*** PROVIDED RECORDS Section Begins ***
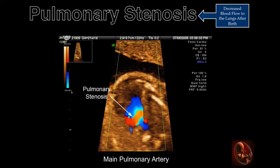This color Doppler image, obtained at the level of the three-vessel view, demonstrates pulmonary stenosis. The color Doppler demonstrates aliasing because of the increased velocity of the stenotic jet.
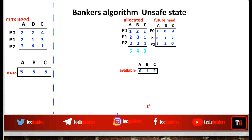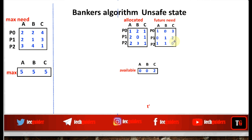Suppose P2 is allocated three instances of B instead of two, so its maximum future need for B is now one, and the remaining available B becomes zero. The currently available resources become zero A, zero B, and two C. With these, we check: can we execute P0? No. P1? No. P2? No. We do not have enough resources for any process. Since we cannot execute all processes in some sequence, this state is unsafe.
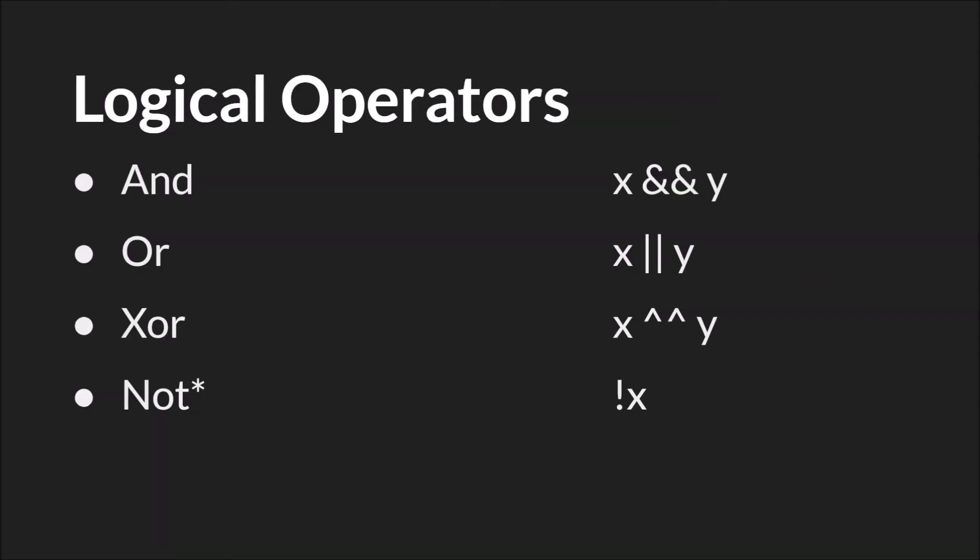Then there are logical operators, which I've done a whole tutorial on, so I'm not going to spend any additional time on it except to say that they are and, or, xor, or not. Not again is a unary operator. It operates on a single variable. These take boolean values and they give you boolean values as a result of that operation.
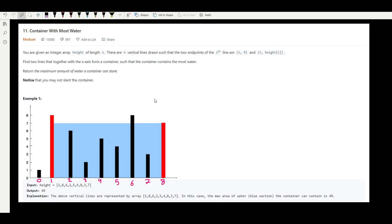Hello everyone, welcome back. Today we are looking at question 11, which is Container With Most Water. The question says we are given n vertical lines each with a different height, and we want to calculate the maximum area between any two lines — we want to find the two lines that give us the maximum area to hold the maximum amount of water.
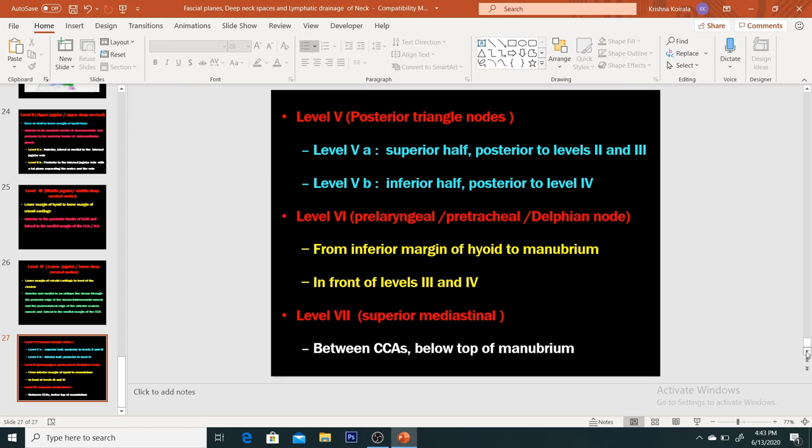This finishes the class on facial planes, different spaces, and lymphatic drainage of the neck.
*** PROVIDED RECORDS Section Ends ***
TASK REQUIREMENTS:
Each entry above has to be set down again verbatim, except for its pictures.

SOLUTION TO THIS PROBLEM:
This color Doppler image, obtained at the level of the three-vessel view, demonstrates pulmonary stenosis. The color Doppler demonstrates aliasing because of the increased velocity of the stenotic jet.
Suppose P2 is allocated three instances of B instead of two, so its maximum future need for B is now one, and the remaining available B becomes zero. The currently available resources become zero A, zero B, and two C. With these, we check: can we execute P0? No. P1? No. P2? No. We do not have enough resources for any process. Since we cannot execute all processes in some sequence, this state is unsafe.
Then there are logical operators, which I've done a whole tutorial on, so I'm not going to spend any additional time on it except to say that they are and, or, xor, or not. Not again is a unary operator. It operates on a single variable. These take boolean values and they give you boolean values as a result of that operation.
Hello everyone, welcome back. Today we are looking at question 11, which is Container With Most Water. The question says we are given n vertical lines each with a different height, and we want to calculate the maximum area between any two lines — we want to find the two lines that give us the maximum area to hold the maximum amount of water.
This finishes the class on facial planes, different spaces, and lymphatic drainage of the neck.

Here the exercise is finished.